WHAT THIS TASK INVOLVES
Copy verbatim the span of lines beginning at the line that contains "Unit 1602 - 3079 Trafalgar Road, Oakville 3" and ending with the final line of the data. Exclude pictures from the copy.

INPUT RECORDS

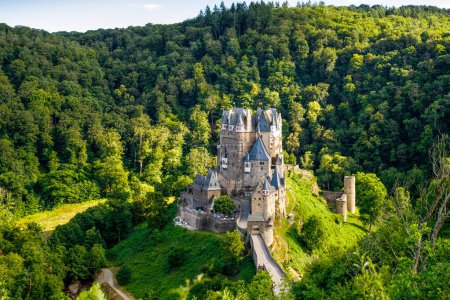 Foto de Castillo de Eltz, un castillo medieval situado en Alemania, Rheinland Pfalz, región de Mosel. Hermoso castillo viejo, famosa atracción turística en el soleado día de verano, vacío, sin gente, nadie - Imagen libre de derechos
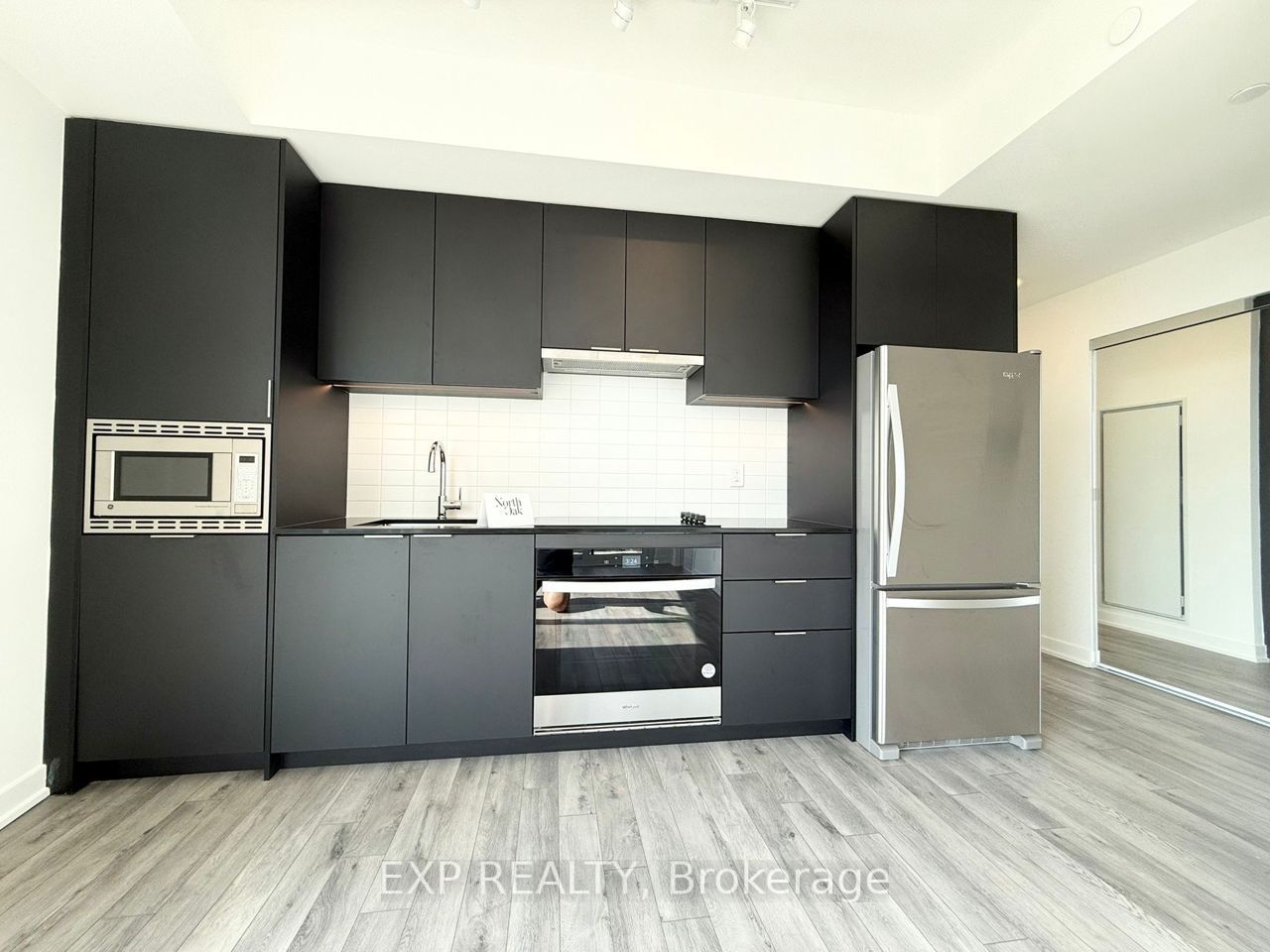 Unit 1602 - 3079 Trafalgar Road, Oakville 3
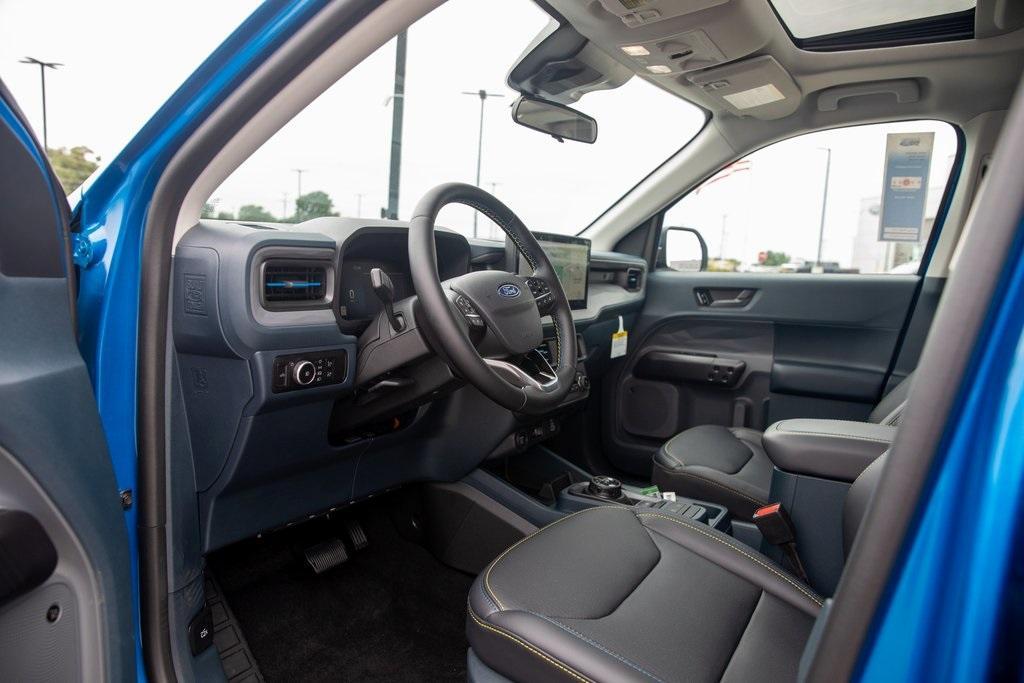 new 2025 Ford Maverick car, priced at $39,976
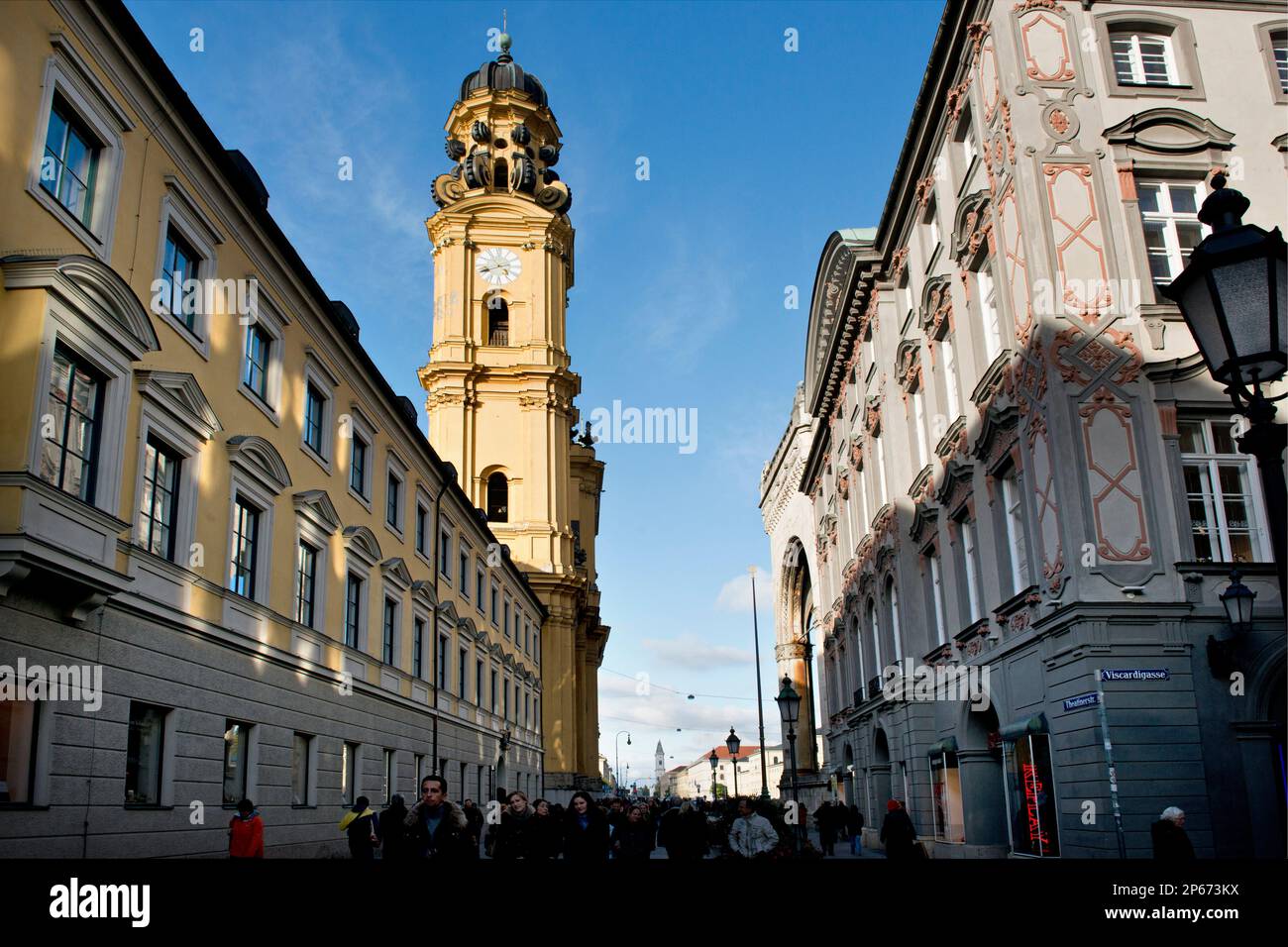 Deutschland, Bayern, München, Odeonsplatz, St. Kajetan (Theatinerkirche) Kirche Stockfoto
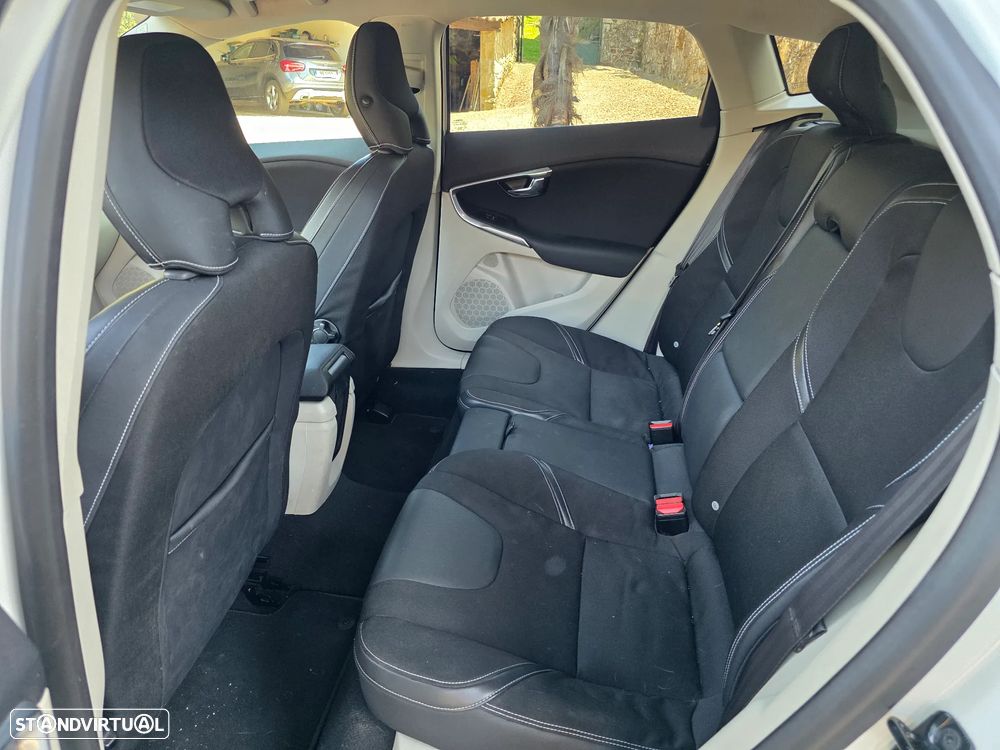Volvo V40 1.6 D2 Momentum - 20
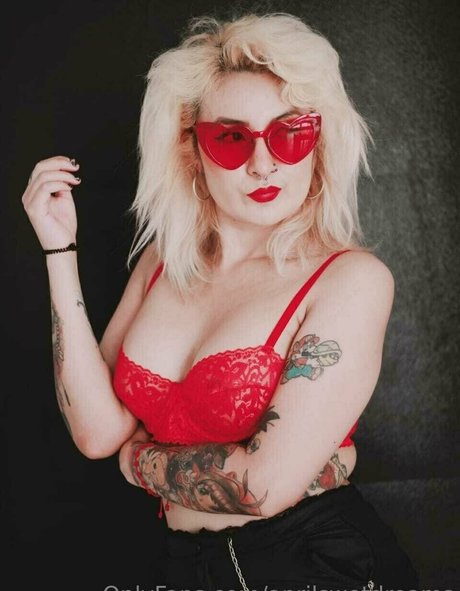 aprilswetdreams free onlyfans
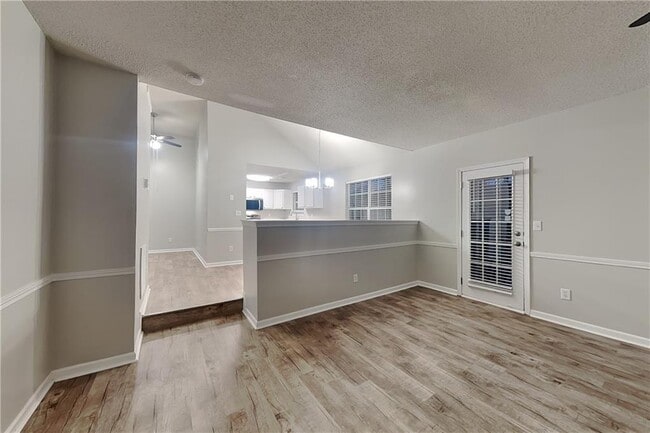 Building Photo - 503 Fable Ln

RESULT OF THIS EXERCISE
 Unit 1602 - 3079 Trafalgar Road, Oakville 3
 new 2025 Ford Maverick car, priced at $39,976
 Deutschland, Bayern, München, Odeonsplatz, St. Kajetan (Theatinerkirche) Kirche Stockfoto
Volvo V40 1.6 D2 Momentum - 20
 aprilswetdreams free onlyfans
 Building Photo - 503 Fable Ln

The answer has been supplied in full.